**DATA EXTRACT**
====
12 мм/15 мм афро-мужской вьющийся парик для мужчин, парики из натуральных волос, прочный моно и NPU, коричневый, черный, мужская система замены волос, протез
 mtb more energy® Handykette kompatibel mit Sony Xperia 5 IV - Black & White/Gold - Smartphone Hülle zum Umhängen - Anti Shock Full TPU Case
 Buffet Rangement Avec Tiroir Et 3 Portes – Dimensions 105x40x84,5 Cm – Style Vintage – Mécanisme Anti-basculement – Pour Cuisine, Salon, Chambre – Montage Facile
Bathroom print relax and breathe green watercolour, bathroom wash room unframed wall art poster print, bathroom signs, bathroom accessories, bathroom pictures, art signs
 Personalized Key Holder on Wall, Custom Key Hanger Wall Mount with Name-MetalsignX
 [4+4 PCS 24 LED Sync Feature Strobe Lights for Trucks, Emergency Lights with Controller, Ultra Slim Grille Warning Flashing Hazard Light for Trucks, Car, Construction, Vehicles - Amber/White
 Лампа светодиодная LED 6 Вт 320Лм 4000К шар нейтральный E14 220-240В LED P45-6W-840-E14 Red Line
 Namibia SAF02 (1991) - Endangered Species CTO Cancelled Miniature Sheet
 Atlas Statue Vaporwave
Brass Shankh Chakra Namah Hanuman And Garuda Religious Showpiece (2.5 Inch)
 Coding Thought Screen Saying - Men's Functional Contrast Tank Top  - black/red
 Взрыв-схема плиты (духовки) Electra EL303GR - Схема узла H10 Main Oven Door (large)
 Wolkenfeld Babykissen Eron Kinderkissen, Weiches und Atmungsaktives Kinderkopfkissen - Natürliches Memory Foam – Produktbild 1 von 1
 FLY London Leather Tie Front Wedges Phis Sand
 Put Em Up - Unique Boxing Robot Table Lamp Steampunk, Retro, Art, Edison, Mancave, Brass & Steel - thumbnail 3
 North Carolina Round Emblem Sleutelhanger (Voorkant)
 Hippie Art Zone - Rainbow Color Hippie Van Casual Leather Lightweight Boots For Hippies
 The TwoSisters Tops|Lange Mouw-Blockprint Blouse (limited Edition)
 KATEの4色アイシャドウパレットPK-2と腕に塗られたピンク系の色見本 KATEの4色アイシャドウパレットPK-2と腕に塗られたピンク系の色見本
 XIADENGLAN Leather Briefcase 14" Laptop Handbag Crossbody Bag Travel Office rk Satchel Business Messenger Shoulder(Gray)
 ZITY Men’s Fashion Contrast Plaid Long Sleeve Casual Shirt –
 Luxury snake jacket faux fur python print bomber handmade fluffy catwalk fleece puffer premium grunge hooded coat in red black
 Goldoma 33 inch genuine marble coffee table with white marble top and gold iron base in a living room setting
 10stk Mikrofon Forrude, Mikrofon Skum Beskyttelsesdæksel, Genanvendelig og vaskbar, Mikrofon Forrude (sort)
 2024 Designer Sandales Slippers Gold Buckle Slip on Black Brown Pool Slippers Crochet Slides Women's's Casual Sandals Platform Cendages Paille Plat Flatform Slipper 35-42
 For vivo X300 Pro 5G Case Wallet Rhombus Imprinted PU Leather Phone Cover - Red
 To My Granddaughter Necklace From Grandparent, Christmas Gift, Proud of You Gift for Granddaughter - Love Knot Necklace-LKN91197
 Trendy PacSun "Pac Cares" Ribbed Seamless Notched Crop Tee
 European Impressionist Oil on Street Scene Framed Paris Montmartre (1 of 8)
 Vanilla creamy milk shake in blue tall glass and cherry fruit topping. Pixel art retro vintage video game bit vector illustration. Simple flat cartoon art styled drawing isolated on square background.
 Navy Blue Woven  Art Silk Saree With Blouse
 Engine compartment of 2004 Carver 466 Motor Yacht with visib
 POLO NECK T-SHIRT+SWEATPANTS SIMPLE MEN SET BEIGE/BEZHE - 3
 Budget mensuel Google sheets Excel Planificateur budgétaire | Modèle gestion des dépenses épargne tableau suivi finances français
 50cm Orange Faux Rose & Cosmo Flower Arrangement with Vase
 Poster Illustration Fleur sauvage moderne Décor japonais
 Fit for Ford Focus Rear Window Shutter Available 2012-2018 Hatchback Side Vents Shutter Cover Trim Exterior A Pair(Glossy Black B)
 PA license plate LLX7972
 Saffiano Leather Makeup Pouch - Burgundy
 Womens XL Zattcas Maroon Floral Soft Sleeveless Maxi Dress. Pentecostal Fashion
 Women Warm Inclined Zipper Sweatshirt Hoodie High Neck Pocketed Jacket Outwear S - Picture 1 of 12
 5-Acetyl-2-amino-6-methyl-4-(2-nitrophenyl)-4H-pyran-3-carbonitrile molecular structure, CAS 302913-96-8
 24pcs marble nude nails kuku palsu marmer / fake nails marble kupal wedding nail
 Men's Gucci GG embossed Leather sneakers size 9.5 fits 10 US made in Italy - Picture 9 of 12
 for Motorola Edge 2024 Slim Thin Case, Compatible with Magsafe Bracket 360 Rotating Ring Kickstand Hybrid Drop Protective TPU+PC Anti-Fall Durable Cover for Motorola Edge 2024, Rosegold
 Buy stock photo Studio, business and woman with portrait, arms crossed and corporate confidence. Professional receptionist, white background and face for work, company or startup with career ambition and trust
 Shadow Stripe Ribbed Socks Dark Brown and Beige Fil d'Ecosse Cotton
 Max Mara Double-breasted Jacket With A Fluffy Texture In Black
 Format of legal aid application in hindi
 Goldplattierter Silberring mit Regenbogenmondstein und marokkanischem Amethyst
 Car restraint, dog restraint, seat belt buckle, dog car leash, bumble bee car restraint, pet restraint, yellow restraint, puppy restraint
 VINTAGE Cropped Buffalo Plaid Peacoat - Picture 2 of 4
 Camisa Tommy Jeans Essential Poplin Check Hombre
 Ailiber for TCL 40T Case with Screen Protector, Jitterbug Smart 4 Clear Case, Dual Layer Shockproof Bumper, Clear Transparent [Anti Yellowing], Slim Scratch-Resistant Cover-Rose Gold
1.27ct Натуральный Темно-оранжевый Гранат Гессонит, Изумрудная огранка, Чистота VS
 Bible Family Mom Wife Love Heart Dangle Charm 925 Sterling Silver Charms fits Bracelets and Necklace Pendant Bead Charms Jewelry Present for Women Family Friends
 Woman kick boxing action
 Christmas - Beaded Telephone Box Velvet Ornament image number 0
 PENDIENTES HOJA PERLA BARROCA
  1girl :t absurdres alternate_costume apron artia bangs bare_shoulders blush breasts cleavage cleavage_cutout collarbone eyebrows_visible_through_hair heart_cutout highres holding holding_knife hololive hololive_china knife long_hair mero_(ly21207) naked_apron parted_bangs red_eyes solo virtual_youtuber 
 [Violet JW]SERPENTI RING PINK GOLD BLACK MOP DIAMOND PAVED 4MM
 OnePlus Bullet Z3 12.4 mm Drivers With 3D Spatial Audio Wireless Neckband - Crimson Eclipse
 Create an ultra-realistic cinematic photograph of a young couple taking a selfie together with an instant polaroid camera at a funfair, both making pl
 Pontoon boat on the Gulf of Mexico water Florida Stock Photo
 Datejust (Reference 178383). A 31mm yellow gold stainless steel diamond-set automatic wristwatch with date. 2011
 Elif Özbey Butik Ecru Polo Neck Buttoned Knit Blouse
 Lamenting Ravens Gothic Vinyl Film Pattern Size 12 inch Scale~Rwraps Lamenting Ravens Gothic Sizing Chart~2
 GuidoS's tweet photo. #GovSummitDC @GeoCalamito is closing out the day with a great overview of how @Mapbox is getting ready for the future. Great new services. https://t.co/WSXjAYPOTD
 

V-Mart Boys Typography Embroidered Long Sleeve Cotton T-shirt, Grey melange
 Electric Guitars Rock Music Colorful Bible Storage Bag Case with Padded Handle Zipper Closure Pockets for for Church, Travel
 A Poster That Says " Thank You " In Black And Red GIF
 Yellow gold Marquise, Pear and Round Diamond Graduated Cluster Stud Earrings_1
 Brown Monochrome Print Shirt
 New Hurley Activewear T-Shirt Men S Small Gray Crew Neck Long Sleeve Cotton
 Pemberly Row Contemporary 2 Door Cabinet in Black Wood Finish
====
**TO DO**
In the listing above, find the line with "Car restraint, dog" and the line with "PENDIENTES HOJA PERLA BARROCA", then reproduce both and every line between them exactly.

**ANSWER TO THE EXERCISE**
 Car restraint, dog restraint, seat belt buckle, dog car leash, bumble bee car restraint, pet restraint, yellow restraint, puppy restraint
 VINTAGE Cropped Buffalo Plaid Peacoat - Picture 2 of 4
 Camisa Tommy Jeans Essential Poplin Check Hombre
 Ailiber for TCL 40T Case with Screen Protector, Jitterbug Smart 4 Clear Case, Dual Layer Shockproof Bumper, Clear Transparent [Anti Yellowing], Slim Scratch-Resistant Cover-Rose Gold
1.27ct Натуральный Темно-оранжевый Гранат Гессонит, Изумрудная огранка, Чистота VS
 Bible Family Mom Wife Love Heart Dangle Charm 925 Sterling Silver Charms fits Bracelets and Necklace Pendant Bead Charms Jewelry Present for Women Family Friends
 Woman kick boxing action
 Christmas - Beaded Telephone Box Velvet Ornament image number 0
 PENDIENTES HOJA PERLA BARROCA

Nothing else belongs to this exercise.